= Records to process =

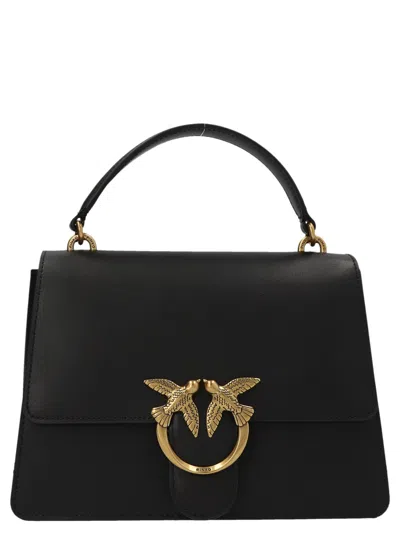 Pinko Love Handbag In Nero-antique Gold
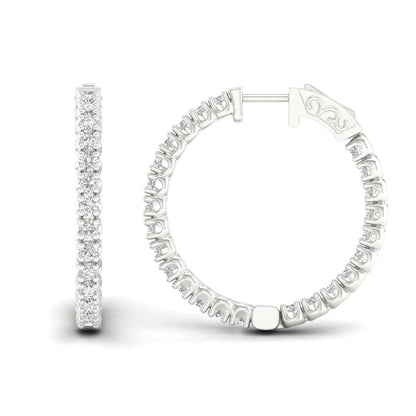 2 CTW Lab Grown Diamond Classic Round Hoop Earring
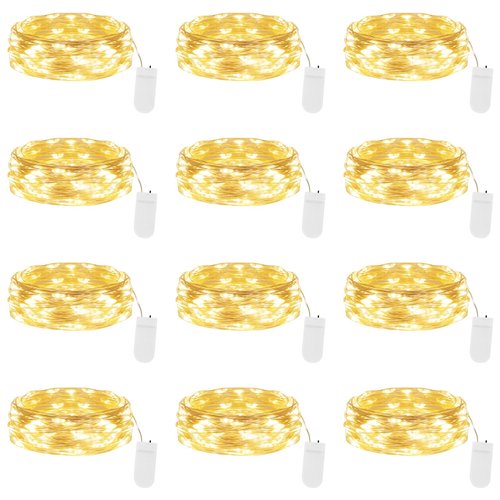 Lakumu 12-Pack Fairy Lights Battery Operated String Lights 7FT 20 LED,Waterproof Silver Wire Firefly Lights for Mason Jars DIY Bedroom Wedding Party Centerpiece Table Decor, Warm White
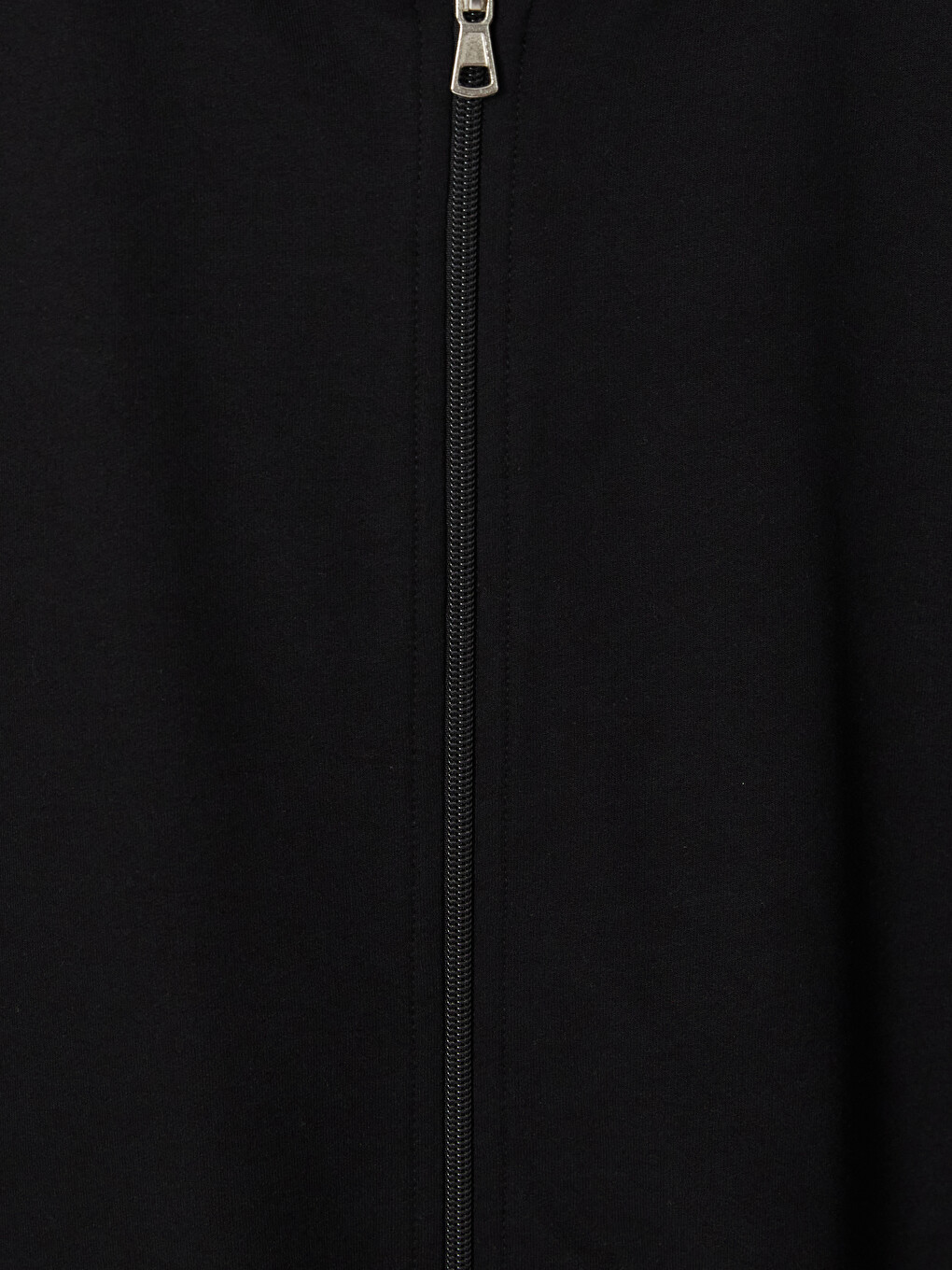 Siyah Büyük Beden Kadın Fermuarlı Sweatshirt-3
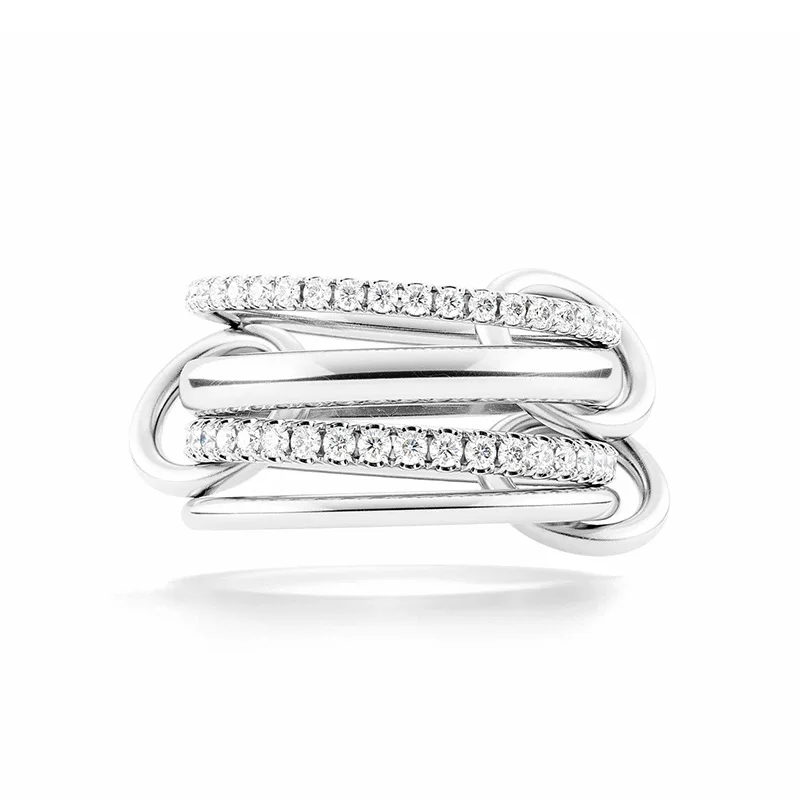 

S925 Silver AAA Women's Colorful Chain Ring, Women's Jewelry Designer T Show Club, Cocktail Party Rare Japan Korea INS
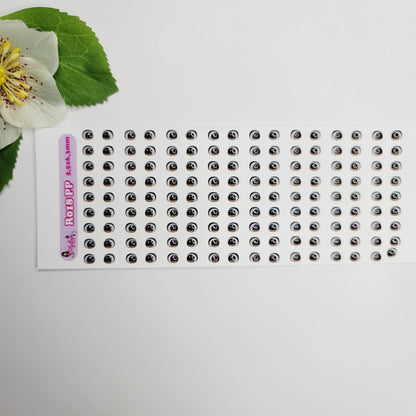 STY R018 Adhesive Resin Eyes for Clays BROWN STY -  X-SM (5,5x6,3 mm) 72Pairs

= Problem to work on =
Only these lines belong in the answer: the first line of the listing above through the line holding "Siyah Büyük Beden", printed exactly and without pictures.

= Task answer =
 Pinko Love Handbag In Nero-antique Gold
 2 CTW Lab Grown Diamond Classic Round Hoop Earring
 Lakumu 12-Pack Fairy Lights Battery Operated String Lights 7FT 20 LED,Waterproof Silver Wire Firefly Lights for Mason Jars DIY Bedroom Wedding Party Centerpiece Table Decor, Warm White
 Siyah Büyük Beden Kadın Fermuarlı Sweatshirt-3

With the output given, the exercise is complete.